Small and tough, Suzuki’s now smarter-looking Jimny is an ultra-compact 4x4 with genuine character.
It’s feeling its age in terms of ride, handling and refinement but it’s hard to grumble at the prices being asked.
Although running costs are quite high, the Jimny is still just about the cheapest viable off-roader on the market.
In town, that high seating position and excellent all-round visibility make it great for nipping in and out of traffic.
The 1.3-litre all-aluminium 16v engine is in its element here too. On the open road, however, it can sound a little stretched due to the fact that most of its 85 braked horses are not available until you get the engine singing right up at 6,000rpm.
Handling around twisty tarmac is not as accomplished as the sharpest superminis, but it’s quite good enough to satisfy most.
Besides, there’s always the bonus, denied to conventional road users, that when the fancy takes you, the muddy stuff beckons.
Four-wheel drive is selectable via Suzuki’s ‘Drive Select’ system, a surprisingly painless operation that can be accomplished whilst on the move.

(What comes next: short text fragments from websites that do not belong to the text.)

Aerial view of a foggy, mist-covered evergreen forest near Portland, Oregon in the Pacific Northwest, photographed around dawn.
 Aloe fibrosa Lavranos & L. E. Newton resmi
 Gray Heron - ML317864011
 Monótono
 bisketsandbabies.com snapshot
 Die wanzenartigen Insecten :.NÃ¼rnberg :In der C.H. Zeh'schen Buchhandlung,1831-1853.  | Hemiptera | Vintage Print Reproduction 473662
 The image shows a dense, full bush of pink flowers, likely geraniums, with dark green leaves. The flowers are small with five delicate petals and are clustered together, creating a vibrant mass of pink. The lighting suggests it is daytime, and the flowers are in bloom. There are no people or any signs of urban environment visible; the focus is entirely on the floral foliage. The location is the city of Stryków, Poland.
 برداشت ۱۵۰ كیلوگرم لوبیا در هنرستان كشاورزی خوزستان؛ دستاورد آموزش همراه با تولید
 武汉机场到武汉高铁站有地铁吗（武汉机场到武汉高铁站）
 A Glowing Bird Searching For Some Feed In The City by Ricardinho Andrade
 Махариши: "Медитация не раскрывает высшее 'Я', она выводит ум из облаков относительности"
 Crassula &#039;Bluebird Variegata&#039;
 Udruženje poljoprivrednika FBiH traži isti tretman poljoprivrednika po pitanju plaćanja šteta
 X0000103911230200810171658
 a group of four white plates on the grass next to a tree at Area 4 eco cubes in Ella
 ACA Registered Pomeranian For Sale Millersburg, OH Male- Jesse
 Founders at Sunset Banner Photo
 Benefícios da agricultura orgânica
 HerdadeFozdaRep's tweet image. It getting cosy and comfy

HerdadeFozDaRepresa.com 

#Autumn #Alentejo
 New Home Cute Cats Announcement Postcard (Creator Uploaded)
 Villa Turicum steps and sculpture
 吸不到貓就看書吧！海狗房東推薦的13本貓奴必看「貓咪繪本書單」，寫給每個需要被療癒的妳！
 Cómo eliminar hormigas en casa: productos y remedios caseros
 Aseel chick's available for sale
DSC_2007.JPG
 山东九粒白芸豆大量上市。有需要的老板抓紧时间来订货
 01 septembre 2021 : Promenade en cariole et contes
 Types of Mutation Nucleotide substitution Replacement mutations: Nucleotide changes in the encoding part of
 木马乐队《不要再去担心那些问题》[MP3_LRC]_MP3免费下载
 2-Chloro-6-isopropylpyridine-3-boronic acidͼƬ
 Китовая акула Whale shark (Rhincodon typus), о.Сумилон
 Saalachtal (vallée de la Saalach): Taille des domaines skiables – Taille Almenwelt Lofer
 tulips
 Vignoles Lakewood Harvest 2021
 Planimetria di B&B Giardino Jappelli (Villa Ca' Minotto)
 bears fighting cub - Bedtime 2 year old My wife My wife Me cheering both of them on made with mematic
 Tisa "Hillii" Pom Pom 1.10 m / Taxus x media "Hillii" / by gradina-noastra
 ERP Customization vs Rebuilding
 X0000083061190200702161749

Over reasonably rough terrain, the little Suzuki inspires confidence, thanks to its tough ladder frame chassis, a standard design feature that many small off-roaders lack and which renders many virtually useless for real off-road work.
You’ll have to accept, however, that the Jimny won’t ultimately have the wherewithal to reach the places that larger off roaders can. At least not in normal circumstances.
Over in Iceland, they prefer light, simple little 4x4s like this because they don’t sink into the snow: in soft boggy conditions here, it might well be the same.
One drawback of all this off roading prowess is that it necessitates a harder, more jiggly ride. Again, it’s not something that will bother you too much on short journeys, where the light steering, progressive brakes and smooth gearchange make the little Suzuki easy to live with.
At first glance, the Jimny looks to be designed more for the mud than the metropolis.
Flared wheelarches, bulky side panels, roof rails and that spare wheel on the tailgate give it a purposeful look intended to reflect a ‘rugged personality’.
Design revisions to this current version include a smarter front bumper and grille design, a sleeker design bonnet shape incorporating a central air intake, plus repositioned front fog lamps.
The revised front bumper design has resulted in a slight increase in overall length of 30mm to 3,675mm - although the Jimny easily remains the most compact SUV on sale in the UK. Suzuki’s Jimny could be viewed as one of the most interesting budget small car choices on the market or as a bargain basement off-road tool.
It will appeal to buyers of both persuasions because despite being more than a little rough around the edges, the little Suzuki has character and real ability, which is rare in cars costing twice as much.
If you’re really likely to use the car’s off-roading ability, it makes far more sense than a traditional small hatchback, particularly as it can also perform that role to quite a competent standard.
Even if you’re not, as long as space and pace don’t rank as crucial virtues, the Jimny’s well worth considering as something a little different.